Requirement: Below is a set of records; reproduce them exactly without their pictures.
----- Records -----
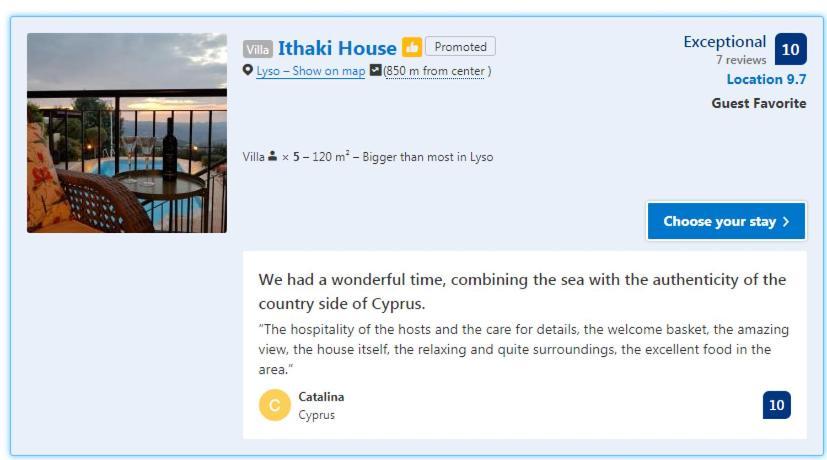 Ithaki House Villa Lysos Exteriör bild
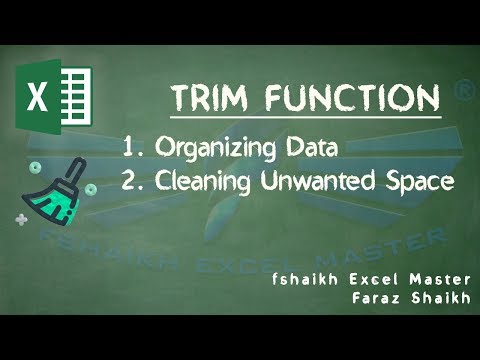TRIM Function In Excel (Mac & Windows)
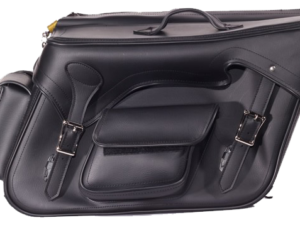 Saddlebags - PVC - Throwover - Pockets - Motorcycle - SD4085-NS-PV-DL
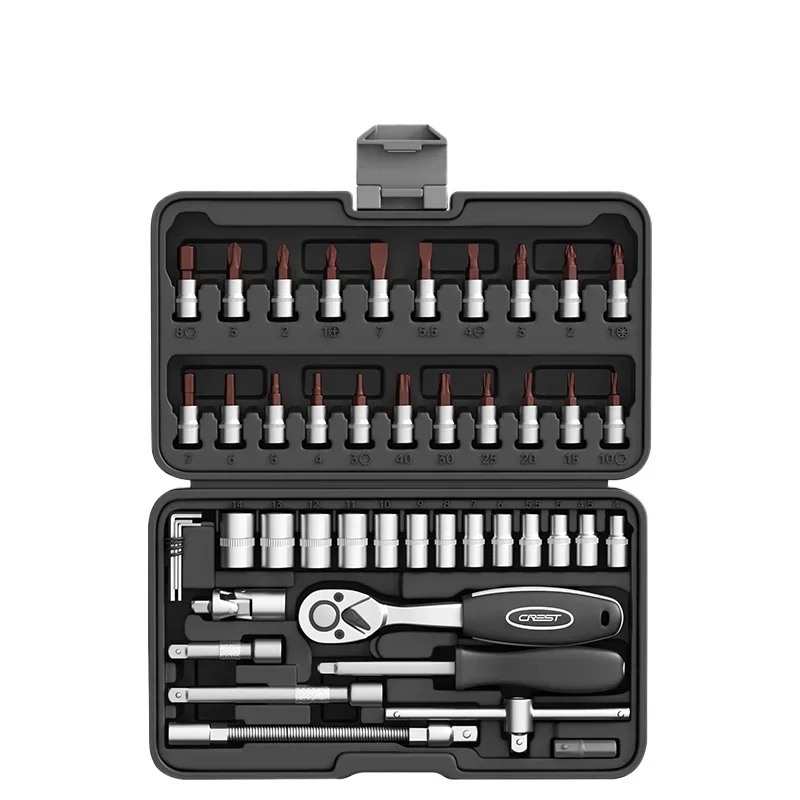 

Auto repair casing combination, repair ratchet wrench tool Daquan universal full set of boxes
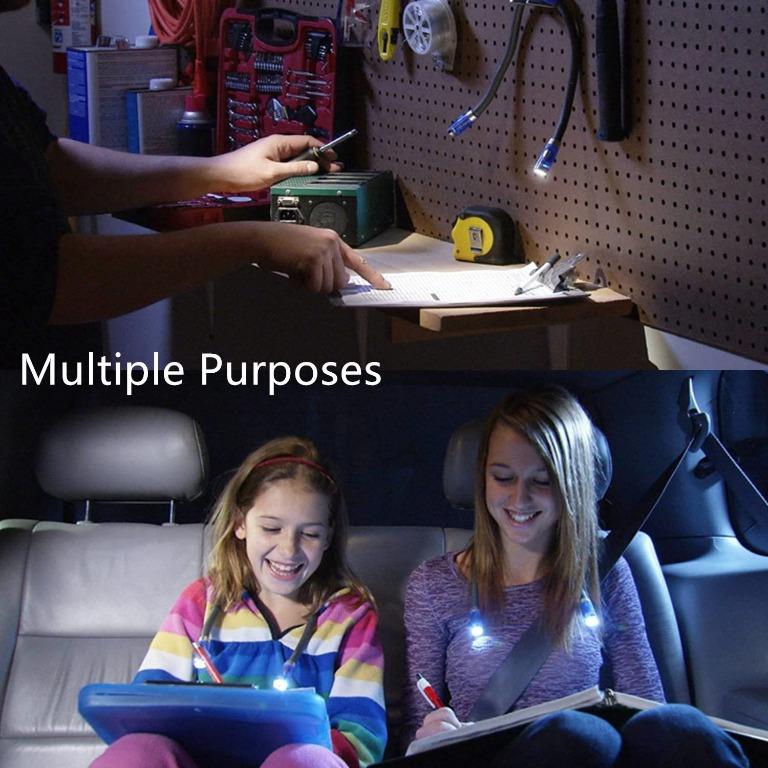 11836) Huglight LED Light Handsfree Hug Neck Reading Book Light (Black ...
-----
Result:
 Ithaki House Villa Lysos Exteriör bild
TRIM Function In Excel (Mac & Windows)
 Saddlebags - PVC - Throwover - Pockets - Motorcycle - SD4085-NS-PV-DL

Auto repair casing combination, repair ratchet wrench tool Daquan universal full set of boxes
 11836) Huglight LED Light Handsfree Hug Neck Reading Book Light (Black ...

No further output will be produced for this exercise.